Set down the lines below, exactly, starting at the one that contains "Isolated seagull gracefully" and stopping at the last line, inclusive. Omit pictures.

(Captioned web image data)
--- START ---

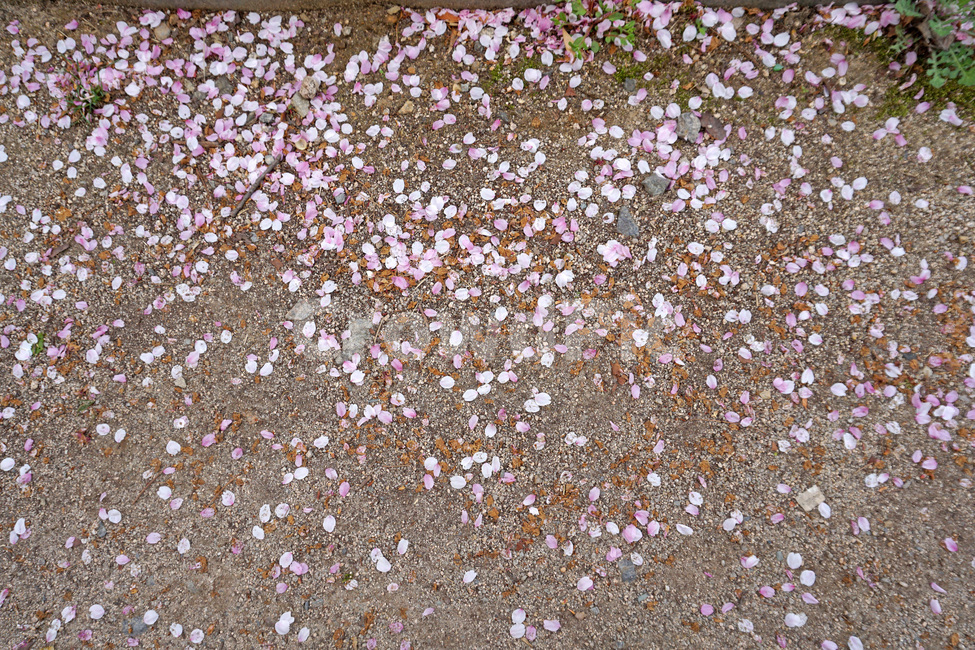 봄,벚꽃,꽃잎,땅,벚꽃잎,낙엽,분홍벚꽃,흰벚꽃,텍스쳐,돌,돌멩이,흙,감성사진,벚나무,벚꽃나무,봄꽃,분홍,픤색,핑크,갈색,봄풍경,자연,풍경,배경,spring,cherryblossom,landscape,ground,stone,texture,petal,floralleaf,white,pink,nature,brown,flower,springflower,pinkcherryblossom,fallenfloralleaf,fallenfloralleaves,sakura,봄,계절,spring,season,꽃,flower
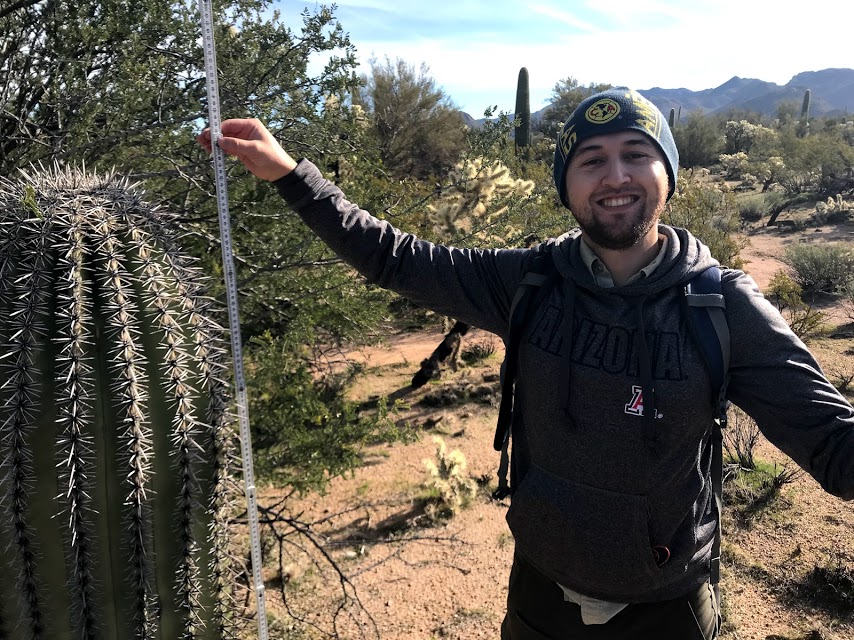 Park staff holding a folding ruler next to a saguaro.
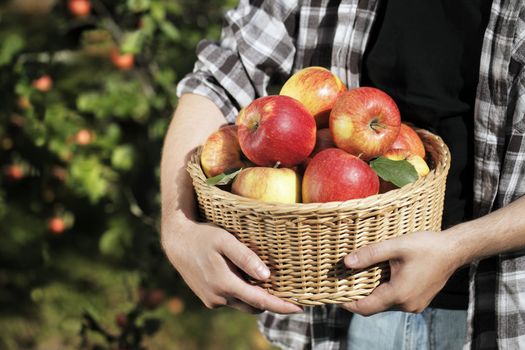 Farmer holding a wicker basket full of harvested apples.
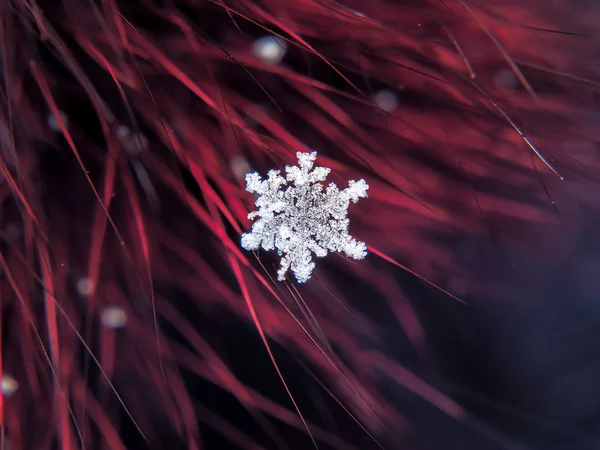 Krásná Sněhová Vločka Makro Barevné Pozadí — Stock fotografie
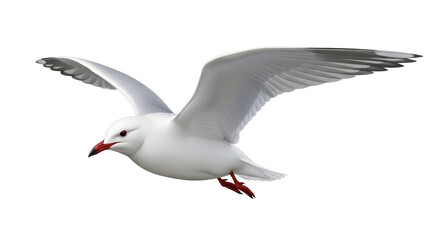Isolated seagull gracefully soars with wings spread, captivating birds in flight action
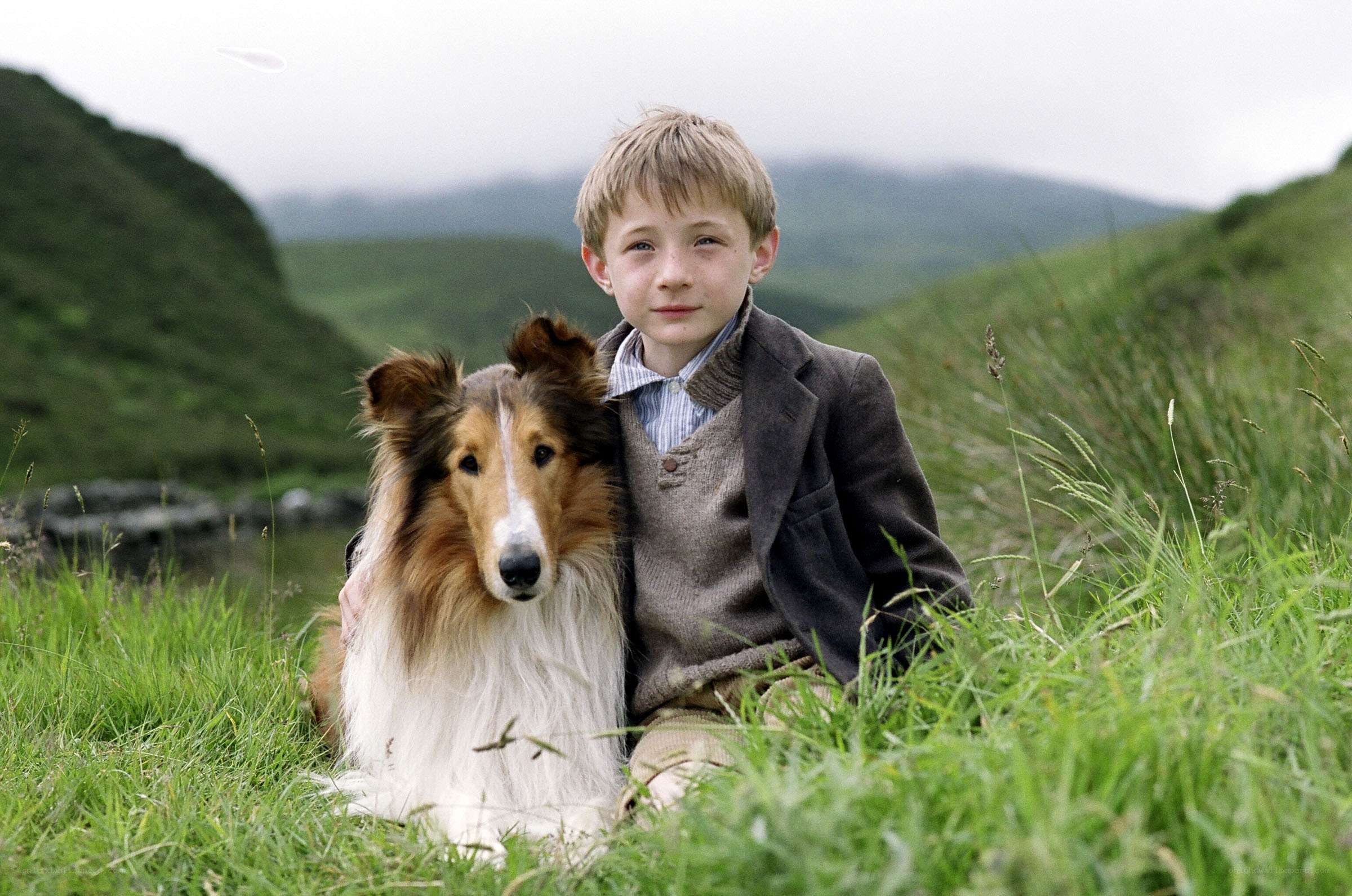 boy with collie dog in field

--- END ---

## RESULT FOR THIS EXERCISE:
Isolated seagull gracefully soars with wings spread, captivating birds in flight action
 boy with collie dog in field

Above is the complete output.